Yields on US Treasury bonds slipped gently, and prices rose, as sentiment turned more risk averse. Core Eurozone yields tracked their US counterparts lower. Investment grade credit spreads widened slightly, although new issuance in the banks’ sector was well received. High yield credit traded lower as the week ended, in response to weaker equity markets.
The US dollar lost ground against all majors, while the yen made gains across the board. The euro rose against the dollar only, while slipping back against sterling and the yen.
The oil price continued its recent advance, while European gas prices jumped almost 25% in two days as talks over Ukraine between the US, Nato and Russia collapsed.

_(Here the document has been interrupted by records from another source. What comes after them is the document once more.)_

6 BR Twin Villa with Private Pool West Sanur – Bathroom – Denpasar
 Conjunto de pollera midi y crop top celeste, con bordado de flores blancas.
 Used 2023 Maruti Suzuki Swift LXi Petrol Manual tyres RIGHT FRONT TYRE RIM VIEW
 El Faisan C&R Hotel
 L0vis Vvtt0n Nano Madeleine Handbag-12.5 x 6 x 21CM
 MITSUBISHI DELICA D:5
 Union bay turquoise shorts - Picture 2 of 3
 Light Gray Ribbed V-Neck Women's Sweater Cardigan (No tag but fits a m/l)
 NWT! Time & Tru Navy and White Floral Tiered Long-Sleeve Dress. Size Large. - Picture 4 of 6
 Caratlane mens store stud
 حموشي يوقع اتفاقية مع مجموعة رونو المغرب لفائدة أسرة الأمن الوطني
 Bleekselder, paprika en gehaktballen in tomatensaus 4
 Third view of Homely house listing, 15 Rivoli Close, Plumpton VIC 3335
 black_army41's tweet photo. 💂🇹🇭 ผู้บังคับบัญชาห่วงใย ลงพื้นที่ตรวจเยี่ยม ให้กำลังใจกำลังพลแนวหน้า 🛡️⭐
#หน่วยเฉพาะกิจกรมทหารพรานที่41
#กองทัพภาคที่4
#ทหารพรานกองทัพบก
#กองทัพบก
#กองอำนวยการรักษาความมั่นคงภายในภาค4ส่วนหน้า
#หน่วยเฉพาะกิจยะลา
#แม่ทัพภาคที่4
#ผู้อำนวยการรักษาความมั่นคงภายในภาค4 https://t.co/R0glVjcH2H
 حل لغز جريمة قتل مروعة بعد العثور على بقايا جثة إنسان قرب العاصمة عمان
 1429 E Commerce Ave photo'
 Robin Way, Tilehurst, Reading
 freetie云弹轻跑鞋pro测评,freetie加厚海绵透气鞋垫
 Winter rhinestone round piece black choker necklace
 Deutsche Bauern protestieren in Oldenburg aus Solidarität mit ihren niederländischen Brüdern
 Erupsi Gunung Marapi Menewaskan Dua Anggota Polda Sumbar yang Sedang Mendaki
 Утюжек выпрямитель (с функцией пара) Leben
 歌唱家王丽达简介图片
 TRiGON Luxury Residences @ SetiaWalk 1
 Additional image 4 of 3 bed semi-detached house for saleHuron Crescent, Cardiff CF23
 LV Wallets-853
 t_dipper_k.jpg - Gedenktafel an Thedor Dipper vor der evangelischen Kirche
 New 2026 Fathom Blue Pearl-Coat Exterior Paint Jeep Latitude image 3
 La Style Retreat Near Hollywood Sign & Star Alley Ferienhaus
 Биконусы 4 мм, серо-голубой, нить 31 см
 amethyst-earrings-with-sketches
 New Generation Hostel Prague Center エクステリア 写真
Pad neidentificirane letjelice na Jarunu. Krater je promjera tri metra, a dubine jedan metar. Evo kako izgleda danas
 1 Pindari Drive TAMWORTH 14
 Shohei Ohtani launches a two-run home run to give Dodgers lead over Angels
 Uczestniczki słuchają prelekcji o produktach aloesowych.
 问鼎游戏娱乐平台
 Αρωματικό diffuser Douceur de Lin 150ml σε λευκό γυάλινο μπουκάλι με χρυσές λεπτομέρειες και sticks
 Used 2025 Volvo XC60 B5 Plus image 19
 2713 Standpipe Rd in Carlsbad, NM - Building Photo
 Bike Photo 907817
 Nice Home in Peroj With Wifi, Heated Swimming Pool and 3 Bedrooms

Consumer giant Unilever faced criticism from a major shareholder for ‘displaying sustainability credentials’ at the expense of focusing on its business. The perceived ‘purpose’ of Hellmann’s mayonnaise was at the centre of the contention.
US December CPI inflation came in strongly at 7% y/y, prompting futures markets to forecast four interest rate hikes this year.
China’s trade surplus hit record levels in December, as the world’s demand for durable goods remained strong, while domestic demand slipped back.
German Q4 GDP came close to stagnation, leaving the economy still 2 percentage points smaller than before the pandemic, while logging a full year growth rate of 2.7%.
The US Q4 reporting season will begin in earnest, with strong expectations for earnings from the banking sector.
The Bank of Japan meeting is unlikely to bring a change in policy, although its inflation forecast could be moved higher.